BOB ABERNETHY (anchor): Last year, just over 500 men were ordained as Catholic priests in this country — about half the number ordained in 1965. One of the reasons for the current shortage of priests is that so many men have left the priesthood to get married. Because of that, some have suggested that the Church consider making priestly celibacy optional.

To average Catholics, it may be hard to imagine their priest with a wife and children. But, to a limited extent, it is already happening. Judy Valente reports. 

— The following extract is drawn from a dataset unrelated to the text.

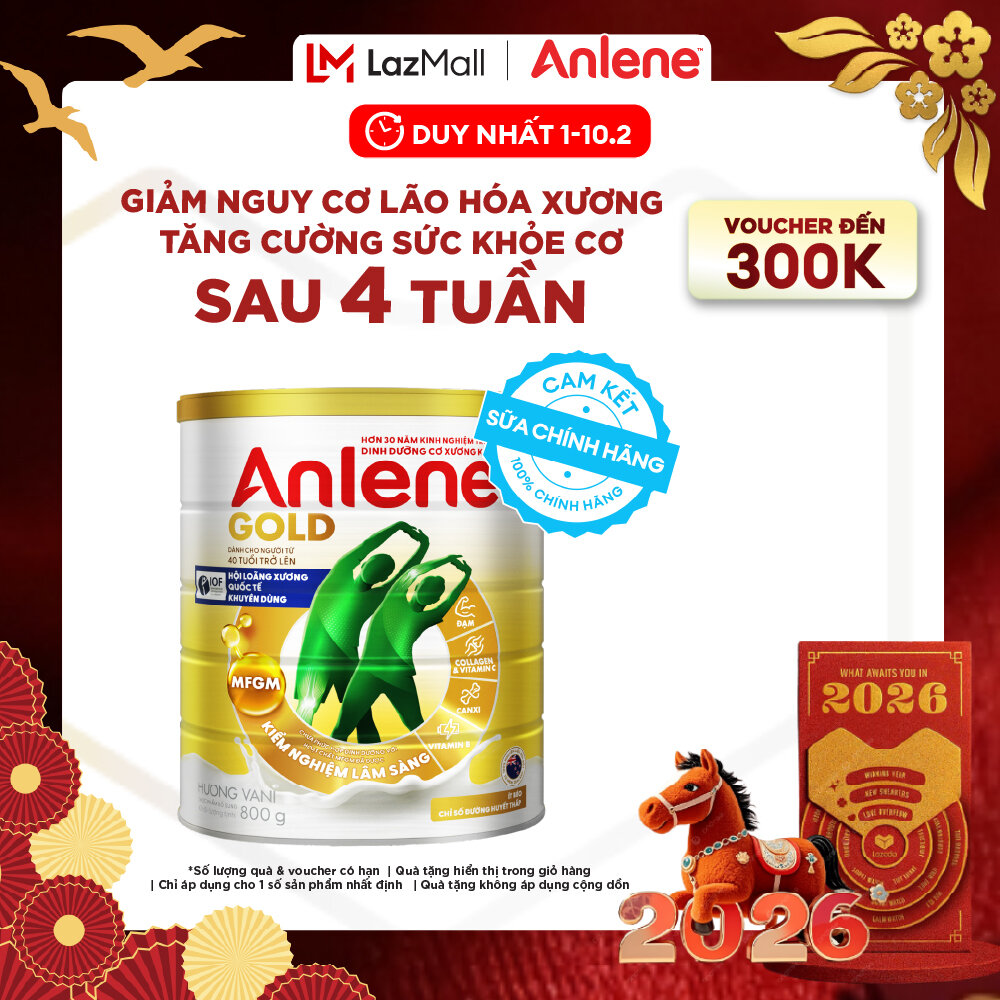 [Voucher giảm đến 26%]Sữa Bột Anlene Gold Hương Vani 800G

JUDY VALENTE: Most Catholics have never seen this before: their priest, at Mass, wearing a wedding ring — with his wife and children looking on from the pews. priestswithwives-post01-medow His name is David Medow. And until 10 days earlier, he had been a Lutheran minister.

(to Father Medow): Did you grow up with much knowledge of Catholics?

FATHER DAVID MEDOW (St. Mary Immaculate Church, Illinois): I grew up with no knowledge of Catholics, other than seeing these exotic blue-dressed figures walking in the streets of my neighborhood in Chicago going to a local parochial school.

VALENTE: Before he could be ordained, Medow had to spend two and a half years in Catholic seminary. He represents a small but potentially significant phenomenon in the Catholic Church: the ordination of former Protestant clergymen — who are married.

FATHER MEDOW: I loved being Lutheran. But God has called me into this community, and I really had grown into being Catholic in many ways. Not only spiritually but theologically.

VALENTE: (to Mrs. Jane Medow): How have you been welcomed in the parish?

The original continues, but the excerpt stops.